The parole board rejected his application anyway—and Dixon said it barely explained why. The decision’s vague phrases and boilerplate language gave no indication of what he could have done differently, he said, and he had no clue how to prepare for his next hearing. It took him two more years of fighting to secure his release.

Since his release, Dixon has helped organize efforts to make New York’s parole system easier for incarcerated people to navigate and more transparent, assailing the board’s bare-bones justifications for its rulings. Now, he and other advocates want to crack down on the board’s opacity.

“This system is killing hope, and in some instances, it does cause some people to take their lives,” said Dixon. “This is not just death by incarceration. It is specifically death by the parole board.”

Over 10,000 people appear before New York’s parole board each year. Hearings are often rushed, lasting an average of 15 minutes. Commissioners are afforded wide discretion in how they decide cases, with little oversight or review. They decide to keep around 60 percent of parole seekers in prison.

New York Focus and Bolts reviewed dozens of parole board decisions and appeals. The decisions run as short as a single paragraph, providing parole seekers little guidance on how to win their release. Many repeat variations of the same vague phrases when denying release, many lifted directly from the state’s parole statute. Applicants are often informed that their release “is not compatible with the welfare of society” for example, without explaining how the board arrived at that conclusion.
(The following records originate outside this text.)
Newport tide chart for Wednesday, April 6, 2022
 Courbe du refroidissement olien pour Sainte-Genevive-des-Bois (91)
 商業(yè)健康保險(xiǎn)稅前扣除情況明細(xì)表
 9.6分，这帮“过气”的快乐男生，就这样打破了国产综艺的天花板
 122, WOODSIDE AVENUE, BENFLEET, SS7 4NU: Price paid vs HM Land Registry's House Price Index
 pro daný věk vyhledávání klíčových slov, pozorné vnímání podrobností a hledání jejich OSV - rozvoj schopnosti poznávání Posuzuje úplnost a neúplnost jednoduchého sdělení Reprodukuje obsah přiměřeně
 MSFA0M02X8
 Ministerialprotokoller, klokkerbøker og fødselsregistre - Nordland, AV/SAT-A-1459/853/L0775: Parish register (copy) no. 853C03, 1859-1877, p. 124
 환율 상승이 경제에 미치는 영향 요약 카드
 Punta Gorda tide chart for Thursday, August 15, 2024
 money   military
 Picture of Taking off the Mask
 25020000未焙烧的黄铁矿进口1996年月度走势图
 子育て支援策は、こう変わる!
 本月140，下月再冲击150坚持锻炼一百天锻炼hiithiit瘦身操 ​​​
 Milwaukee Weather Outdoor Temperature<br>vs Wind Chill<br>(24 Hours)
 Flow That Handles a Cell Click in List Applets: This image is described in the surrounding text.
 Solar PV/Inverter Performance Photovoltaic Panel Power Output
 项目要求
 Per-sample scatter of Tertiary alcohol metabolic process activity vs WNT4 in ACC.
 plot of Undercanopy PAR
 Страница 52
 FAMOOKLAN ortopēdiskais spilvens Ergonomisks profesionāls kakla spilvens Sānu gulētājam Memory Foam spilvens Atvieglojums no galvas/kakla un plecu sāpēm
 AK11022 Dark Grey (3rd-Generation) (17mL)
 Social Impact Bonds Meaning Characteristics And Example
“They’re not giving people any clarity about what they can do to obtain parole the next time,” says Michelle Lewin, executive director of the Parole Preparation Project. “They’re not giving individualized reasons for denials, despite the fact that their own internal regulations demand that they do so.” 

The parole board’s lack of transparency creates difficulties for applicants of all stripes. But it especially burdens parole seekers serving lengthy sentences for violent crimes. Despite decades of incarceration, these individuals face the very real possibility of dying in prison, even if they have demonstrated sincere growth and rehabilitation.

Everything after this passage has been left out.